In my experience, ministers have it bad in two ways 1. They are deeply-flawed human beings (like everyone), who feel called to do something in service to a god they deeply love, even if they're, from the outside, completely unqualified for the job and just making it up as they go along (not that MLK was unqualified, but when you read about him, you can see that he was figuring the whole "civil rights leader" job out at he went). And 2. There are very few people they can admit their lack of qualifications or flaws to and so, when they come out, whew, boy do they come out!

I don't know. Like I said, I read those quotes and I just knew I was hearing from a minister like the ones I know.

peep (Replying to: Aunt B)

Thanks, Aunt B! That was very interesting and insightful.



Jennifer D. (Replying to: Aunt B)

I think he can be worshiped and be human at the same time. I never heard this quote before and it just made me laugh, not think less of him. No one should be held accountable for what they say in bed.

MAJeff (Replying to: Aunt B)

For some reason, reading your comment brought back this article:

http://www.theonion.com/content/node/29788

I agree the the deification of King has gone too far, likely much farther than King or anyone one in the movement would have preferred I'd hazard to guess.

On a practical note the problem this poses is in allowing the man to overshadow the ideas.


I think actually the popular worship of King has allowed American society respite from the dissonance his cause inspired in their hearts.

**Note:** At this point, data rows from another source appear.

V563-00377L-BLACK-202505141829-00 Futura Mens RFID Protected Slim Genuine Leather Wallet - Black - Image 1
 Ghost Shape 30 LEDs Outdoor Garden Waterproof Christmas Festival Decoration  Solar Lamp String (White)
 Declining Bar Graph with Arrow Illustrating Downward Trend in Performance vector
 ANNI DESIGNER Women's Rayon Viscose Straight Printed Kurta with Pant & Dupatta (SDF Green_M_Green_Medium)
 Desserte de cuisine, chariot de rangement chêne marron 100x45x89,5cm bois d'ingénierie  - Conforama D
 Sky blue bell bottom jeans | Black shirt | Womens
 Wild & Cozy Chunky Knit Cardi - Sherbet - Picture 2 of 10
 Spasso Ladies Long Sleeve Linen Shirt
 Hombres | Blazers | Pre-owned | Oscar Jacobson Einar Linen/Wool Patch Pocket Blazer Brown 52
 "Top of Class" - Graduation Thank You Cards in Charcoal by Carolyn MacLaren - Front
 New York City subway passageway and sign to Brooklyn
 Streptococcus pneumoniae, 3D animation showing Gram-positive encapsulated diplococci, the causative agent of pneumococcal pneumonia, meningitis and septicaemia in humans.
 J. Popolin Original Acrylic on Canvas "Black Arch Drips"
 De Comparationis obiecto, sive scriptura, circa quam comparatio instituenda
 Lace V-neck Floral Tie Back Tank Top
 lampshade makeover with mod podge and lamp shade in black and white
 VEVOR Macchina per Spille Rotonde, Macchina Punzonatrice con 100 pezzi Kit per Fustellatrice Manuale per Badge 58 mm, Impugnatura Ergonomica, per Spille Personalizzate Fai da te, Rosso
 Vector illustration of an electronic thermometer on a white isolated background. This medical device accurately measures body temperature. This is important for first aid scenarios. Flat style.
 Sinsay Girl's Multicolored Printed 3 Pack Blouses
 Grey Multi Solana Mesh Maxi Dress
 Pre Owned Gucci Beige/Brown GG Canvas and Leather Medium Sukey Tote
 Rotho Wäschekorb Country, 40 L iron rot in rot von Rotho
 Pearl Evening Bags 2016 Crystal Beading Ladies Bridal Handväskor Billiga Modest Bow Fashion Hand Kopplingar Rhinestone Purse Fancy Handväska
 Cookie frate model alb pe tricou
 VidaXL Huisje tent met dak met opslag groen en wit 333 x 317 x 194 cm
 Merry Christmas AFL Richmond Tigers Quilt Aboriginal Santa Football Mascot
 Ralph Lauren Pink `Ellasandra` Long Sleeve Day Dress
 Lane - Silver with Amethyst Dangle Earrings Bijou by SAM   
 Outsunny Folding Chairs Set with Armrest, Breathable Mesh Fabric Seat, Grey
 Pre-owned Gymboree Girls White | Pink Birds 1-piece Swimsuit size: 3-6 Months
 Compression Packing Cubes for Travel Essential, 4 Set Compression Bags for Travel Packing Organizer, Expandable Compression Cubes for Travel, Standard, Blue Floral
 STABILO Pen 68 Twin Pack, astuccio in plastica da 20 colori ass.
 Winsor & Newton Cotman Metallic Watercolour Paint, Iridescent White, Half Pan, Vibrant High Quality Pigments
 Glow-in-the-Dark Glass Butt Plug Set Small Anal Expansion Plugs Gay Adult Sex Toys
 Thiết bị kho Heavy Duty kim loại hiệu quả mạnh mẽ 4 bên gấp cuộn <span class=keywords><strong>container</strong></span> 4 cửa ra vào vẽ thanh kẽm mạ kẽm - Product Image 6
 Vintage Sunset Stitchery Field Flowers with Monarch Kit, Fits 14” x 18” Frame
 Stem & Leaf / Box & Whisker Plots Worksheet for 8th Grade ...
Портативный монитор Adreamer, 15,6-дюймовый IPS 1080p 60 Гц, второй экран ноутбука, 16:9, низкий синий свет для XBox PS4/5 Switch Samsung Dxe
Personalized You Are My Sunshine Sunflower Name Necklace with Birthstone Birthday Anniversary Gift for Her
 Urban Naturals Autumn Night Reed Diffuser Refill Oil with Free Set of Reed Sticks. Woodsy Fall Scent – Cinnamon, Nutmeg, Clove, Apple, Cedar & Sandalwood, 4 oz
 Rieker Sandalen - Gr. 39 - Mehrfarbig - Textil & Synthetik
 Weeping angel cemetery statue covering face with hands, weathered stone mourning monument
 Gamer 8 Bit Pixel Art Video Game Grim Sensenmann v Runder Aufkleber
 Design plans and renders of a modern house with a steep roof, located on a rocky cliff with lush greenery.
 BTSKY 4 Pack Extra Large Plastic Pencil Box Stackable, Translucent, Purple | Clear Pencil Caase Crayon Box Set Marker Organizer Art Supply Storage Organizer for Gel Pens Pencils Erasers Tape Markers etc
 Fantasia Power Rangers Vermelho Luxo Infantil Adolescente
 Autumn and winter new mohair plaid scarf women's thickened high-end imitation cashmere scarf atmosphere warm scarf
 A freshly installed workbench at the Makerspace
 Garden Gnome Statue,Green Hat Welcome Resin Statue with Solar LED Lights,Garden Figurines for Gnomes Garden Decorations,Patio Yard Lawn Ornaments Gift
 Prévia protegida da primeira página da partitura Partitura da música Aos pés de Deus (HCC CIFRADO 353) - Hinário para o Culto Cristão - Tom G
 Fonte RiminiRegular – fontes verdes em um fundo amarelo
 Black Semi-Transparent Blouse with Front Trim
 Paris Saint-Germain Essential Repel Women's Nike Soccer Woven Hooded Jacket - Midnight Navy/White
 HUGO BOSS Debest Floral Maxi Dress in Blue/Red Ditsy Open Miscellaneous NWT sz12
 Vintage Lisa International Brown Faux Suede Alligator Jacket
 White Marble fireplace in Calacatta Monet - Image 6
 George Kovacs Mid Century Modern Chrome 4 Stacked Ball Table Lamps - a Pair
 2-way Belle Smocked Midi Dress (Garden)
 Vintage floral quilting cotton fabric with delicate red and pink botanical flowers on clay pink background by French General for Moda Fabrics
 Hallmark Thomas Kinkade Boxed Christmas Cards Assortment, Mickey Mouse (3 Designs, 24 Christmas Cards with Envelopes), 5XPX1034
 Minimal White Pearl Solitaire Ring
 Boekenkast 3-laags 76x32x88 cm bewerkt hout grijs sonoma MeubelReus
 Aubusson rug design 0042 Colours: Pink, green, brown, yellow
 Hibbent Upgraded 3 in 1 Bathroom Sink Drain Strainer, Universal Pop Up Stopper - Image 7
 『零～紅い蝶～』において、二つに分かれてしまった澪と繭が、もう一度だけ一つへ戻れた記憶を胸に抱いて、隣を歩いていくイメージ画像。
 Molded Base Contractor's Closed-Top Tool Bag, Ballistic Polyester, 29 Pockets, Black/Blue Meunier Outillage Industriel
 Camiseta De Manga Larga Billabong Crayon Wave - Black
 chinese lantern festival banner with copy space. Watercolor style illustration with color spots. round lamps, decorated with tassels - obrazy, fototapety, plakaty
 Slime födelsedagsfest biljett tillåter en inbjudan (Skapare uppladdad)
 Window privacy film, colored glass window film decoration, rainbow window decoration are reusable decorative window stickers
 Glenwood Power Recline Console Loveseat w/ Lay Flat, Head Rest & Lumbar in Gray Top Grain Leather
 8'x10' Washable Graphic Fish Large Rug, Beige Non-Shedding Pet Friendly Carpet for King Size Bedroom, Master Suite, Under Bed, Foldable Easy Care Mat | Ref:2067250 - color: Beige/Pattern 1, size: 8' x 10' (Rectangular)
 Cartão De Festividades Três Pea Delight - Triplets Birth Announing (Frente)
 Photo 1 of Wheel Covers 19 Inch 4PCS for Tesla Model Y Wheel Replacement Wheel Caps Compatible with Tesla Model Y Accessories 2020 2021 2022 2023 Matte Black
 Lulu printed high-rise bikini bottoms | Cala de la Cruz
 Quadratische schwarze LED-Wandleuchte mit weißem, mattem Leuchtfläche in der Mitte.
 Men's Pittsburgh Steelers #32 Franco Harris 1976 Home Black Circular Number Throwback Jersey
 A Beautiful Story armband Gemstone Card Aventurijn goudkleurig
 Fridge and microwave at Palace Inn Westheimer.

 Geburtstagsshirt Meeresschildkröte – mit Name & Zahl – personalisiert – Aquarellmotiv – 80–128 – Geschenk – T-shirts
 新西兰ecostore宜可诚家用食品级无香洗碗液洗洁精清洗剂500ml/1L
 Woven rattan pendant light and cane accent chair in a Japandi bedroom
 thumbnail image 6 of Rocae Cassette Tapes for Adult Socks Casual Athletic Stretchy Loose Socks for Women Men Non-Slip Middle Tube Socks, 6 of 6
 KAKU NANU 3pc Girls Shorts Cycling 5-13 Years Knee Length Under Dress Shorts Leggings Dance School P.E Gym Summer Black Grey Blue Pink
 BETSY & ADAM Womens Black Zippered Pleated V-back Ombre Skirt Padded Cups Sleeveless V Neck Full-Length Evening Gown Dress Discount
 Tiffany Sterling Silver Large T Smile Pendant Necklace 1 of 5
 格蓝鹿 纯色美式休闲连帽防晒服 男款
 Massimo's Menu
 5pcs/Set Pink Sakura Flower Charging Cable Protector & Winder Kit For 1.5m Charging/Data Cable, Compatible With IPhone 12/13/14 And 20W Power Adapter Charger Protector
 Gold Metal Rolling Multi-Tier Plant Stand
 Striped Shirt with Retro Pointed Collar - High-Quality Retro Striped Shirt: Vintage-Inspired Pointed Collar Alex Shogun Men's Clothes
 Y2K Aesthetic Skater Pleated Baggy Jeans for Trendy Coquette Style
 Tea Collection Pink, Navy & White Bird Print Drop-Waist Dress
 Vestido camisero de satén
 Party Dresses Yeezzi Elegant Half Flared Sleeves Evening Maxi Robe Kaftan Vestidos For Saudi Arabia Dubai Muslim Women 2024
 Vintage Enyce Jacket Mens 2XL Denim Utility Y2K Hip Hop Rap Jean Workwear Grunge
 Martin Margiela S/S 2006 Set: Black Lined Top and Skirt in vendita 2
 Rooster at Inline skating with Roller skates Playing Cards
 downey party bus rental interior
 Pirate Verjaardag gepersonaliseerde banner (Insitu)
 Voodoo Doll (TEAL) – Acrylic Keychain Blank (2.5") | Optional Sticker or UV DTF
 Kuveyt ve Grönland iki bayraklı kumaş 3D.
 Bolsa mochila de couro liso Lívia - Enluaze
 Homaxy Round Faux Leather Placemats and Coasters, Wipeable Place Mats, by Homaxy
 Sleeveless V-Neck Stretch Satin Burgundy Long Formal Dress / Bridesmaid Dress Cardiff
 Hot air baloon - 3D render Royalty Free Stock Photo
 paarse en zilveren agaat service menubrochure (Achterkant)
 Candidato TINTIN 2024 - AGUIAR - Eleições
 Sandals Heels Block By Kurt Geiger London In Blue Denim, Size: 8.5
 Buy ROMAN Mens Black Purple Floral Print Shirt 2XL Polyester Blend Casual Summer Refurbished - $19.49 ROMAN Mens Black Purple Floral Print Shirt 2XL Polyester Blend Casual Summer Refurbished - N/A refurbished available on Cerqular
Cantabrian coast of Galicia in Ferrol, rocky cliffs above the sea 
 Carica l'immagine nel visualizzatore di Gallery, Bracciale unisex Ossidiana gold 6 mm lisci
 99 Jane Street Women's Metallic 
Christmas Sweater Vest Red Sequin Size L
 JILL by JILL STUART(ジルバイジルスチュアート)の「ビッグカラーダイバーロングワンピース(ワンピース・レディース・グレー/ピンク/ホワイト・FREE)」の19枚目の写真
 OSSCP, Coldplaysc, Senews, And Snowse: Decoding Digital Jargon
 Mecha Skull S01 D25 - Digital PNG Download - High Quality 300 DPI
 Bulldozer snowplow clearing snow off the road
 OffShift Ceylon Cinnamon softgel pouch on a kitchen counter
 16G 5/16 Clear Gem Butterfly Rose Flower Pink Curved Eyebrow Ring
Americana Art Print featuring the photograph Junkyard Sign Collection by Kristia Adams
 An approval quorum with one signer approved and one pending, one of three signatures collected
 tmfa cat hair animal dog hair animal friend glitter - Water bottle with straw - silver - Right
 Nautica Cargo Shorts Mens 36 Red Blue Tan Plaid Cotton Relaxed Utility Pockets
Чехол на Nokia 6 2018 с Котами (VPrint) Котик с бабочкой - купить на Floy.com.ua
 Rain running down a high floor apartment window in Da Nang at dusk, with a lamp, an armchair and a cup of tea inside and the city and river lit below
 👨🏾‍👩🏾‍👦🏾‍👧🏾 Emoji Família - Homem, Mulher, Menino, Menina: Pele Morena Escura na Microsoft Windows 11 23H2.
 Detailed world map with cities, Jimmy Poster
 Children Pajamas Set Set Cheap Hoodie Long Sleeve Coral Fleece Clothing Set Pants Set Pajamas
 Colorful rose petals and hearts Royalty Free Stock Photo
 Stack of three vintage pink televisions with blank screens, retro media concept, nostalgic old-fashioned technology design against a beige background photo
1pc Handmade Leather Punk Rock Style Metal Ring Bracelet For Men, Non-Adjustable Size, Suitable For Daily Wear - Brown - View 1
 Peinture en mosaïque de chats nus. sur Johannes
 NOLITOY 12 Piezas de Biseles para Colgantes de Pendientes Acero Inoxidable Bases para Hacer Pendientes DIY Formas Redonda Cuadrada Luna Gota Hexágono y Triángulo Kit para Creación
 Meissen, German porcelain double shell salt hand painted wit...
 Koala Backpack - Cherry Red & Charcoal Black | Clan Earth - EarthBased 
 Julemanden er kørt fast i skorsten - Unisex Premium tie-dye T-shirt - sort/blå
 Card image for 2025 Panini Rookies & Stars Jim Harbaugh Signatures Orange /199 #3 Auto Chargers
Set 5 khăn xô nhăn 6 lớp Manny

By supporting King one can, ironically, disavow what King stood for.

We see this in the bad faith of the arguments about King and a "color-blind society' most clearly.

It's funny, this makes me think about all sorts of theological and ethical questions.

Most importantly I think it highlight the practical importance of humility.

Craig T (Replying to: Alesis)

That's one of the key tactics that the Creationist movement uses against evolutionary theory - find some thing that Darwin wrote, some thing that he believed, and make that into your counter-argument. "Darwin said X is true, but it's not, so how can you believe in evolution?" I guess that sort of behavior is true of any group that's arguing some untenable position.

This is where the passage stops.